So the same code does exactly the same thing:
Stream.of("I", "Love", "Stack Overflow")
.collect(Collectors.groupingBy(s -> s.length() > 3))
.forEach((k, v) -> System.out.println(k + " => " + v));
which also results in a Map<Boolean, List<String>>.
So is there any reason I should use partioningBy instead of groupingBy? Thanks

partitioningBy will always return a map with two entries, one for where the predicate is true and one for where it is false.
It is possible that both entries will have empty lists, but they will exist.
That's something that groupingBy will not do, since it only creates entries when they are needed.
At the extreme case, if you send an empty stream to partitioningBy you will still get two entries in the map whereas groupingBy will return an empty map.
EDIT: As mentioned below this behavior is not mentioned in the Java docs, however changing it would take away the added value partitioningBy is currently providing.

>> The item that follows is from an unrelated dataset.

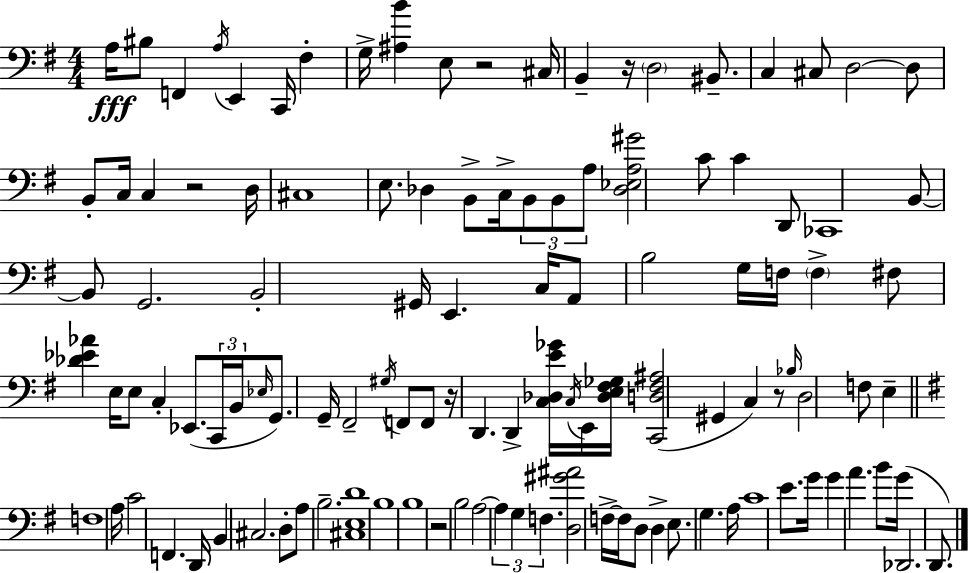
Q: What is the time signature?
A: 4/4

For Java 9 this is already in the specs.

partitioningBy is slightly more efficient, using a special Map implementation optimized for when the key is just a boolean.
(It might also help to clarify what you mean; partitioningBy helps to effectively get across that there's a boolean condition being used to partition the data.)

partitioningBy method will return a map whose key is always a Boolean value, but in case of groupingBy method, the key can be of any Object type
//groupingBy
Map<Object, List<Person>> list2 = new HashMap<Object, List<Person>>();
list2 = list.stream().collect(Collectors.groupingBy(p->p.getAge()==22));
System.out.println("grouping by age -> " + list2);
//partitioningBy
Map<Boolean, List<Person>> list3 = new HashMap<Boolean, List<Person>>();
list3 = list.stream().collect(Collectors.partitioningBy(p->p.getAge()==22));
System.out.println("partitioning by age -> " + list2);
As you can see, the key for map in case of partitioningBy method is always a Boolean value, but in case of groupingBy method, the key is Object type
Detailed code is as follows:
class Person {
String name;
int age;
Person(String name, int age) {
this.name = name;
this.age = age;
}
public String getName() {
return name;
}
public int getAge() {
return age;
}
public String toString() {
return this.name;
}
}
public class CollectorAndCollectPrac {
public static void main(String[] args) {
Person p1 = new Person("Kosa", 21);
Person p2 = new Person("Saosa", 21);
Person p3 = new Person("Tiuosa", 22);
Person p4 = new Person("Komani", 22);
Person p5 = new Person("Kannin", 25);
Person p6 = new Person("Kannin", 25);
Person p7 = new Person("Tiuosa", 22);
ArrayList<Person> list = new ArrayList<>();
list.add(p1);
list.add(p2);
list.add(p3);
list.add(p4);
list.add(p5);
list.add(p6);
list.add(p7);
// groupingBy
Map<Object, List<Person>> list2 = new HashMap<Object, List<Person>>();
list2 = list.stream().collect(Collectors.groupingBy(p -> p.getAge() == 22));
System.out.println("grouping by age -> " + list2);
// partitioningBy
Map<Boolean, List<Person>> list3 = new HashMap<Boolean, List<Person>>();
list3 = list.stream().collect(Collectors.partitioningBy(p -> p.getAge() == 22));
System.out.println("partitioning by age -> " + list2);
}
}

Another difference between groupingBy and partitioningBy is that the former takes a Function<? super T, ? extends K> and the latter a Predicate<? super T>.
When you pass a method reference or a lambda expression, such as s -> s.length() > 3, they can be used by either of these two methods (the compiler will infer the functional interface type based on the type required by the method you choose).
However, if you have a Predicate<T> instance, you can only pass it to Collectors.partitioningBy(). It won't be accepted by Collectors.groupingBy().
And similarly, if you have a Function<T,Boolean> instance, you can only pass it to Collectors.groupingBy(). It won't be accepted by Collectors.partitioningBy().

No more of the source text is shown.